Activity: For every line in the records below that holds "being", make a copy.

(Dataset records Opens)

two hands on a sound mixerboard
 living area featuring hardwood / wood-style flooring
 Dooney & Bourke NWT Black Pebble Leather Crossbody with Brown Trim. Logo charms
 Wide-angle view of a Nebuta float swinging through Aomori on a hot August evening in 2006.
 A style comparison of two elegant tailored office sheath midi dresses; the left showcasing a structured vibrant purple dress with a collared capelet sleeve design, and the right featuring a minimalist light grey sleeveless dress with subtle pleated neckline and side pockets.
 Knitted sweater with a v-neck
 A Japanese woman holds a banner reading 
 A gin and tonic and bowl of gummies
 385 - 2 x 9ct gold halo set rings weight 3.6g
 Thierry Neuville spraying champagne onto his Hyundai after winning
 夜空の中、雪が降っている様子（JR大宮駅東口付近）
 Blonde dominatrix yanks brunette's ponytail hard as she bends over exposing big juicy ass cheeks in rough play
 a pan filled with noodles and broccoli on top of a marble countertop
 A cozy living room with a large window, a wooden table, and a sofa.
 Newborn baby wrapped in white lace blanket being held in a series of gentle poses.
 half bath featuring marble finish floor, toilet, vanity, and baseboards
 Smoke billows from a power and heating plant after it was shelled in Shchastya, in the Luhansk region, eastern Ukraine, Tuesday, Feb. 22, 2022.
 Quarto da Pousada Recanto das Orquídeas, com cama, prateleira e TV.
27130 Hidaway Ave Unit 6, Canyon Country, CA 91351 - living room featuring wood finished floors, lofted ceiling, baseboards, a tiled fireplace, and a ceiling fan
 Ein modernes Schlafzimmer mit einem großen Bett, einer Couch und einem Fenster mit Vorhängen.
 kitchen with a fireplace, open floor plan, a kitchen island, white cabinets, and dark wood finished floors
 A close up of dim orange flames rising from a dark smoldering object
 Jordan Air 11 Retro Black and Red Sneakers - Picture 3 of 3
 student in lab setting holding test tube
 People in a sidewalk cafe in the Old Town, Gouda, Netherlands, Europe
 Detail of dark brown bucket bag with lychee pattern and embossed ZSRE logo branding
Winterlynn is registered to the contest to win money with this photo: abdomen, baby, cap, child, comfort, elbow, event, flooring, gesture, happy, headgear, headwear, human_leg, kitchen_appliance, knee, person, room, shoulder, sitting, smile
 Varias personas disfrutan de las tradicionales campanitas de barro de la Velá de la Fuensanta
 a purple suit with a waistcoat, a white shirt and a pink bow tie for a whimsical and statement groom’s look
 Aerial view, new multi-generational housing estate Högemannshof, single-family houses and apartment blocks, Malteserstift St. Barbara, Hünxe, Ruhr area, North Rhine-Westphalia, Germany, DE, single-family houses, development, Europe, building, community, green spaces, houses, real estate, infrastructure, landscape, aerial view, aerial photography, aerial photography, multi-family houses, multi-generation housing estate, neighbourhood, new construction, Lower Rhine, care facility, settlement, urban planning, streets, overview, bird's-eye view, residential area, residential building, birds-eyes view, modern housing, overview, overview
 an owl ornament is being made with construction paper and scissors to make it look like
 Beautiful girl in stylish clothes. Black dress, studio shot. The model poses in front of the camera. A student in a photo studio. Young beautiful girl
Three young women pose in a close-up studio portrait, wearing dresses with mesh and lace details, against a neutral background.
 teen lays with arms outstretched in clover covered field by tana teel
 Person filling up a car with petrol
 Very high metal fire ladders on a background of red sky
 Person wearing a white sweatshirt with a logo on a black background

(Dataset records Closes)

Answer box:
 Newborn baby wrapped in white lace blanket being held in a series of gentle poses.
 an owl ornament is being made with construction paper and scissors to make it look like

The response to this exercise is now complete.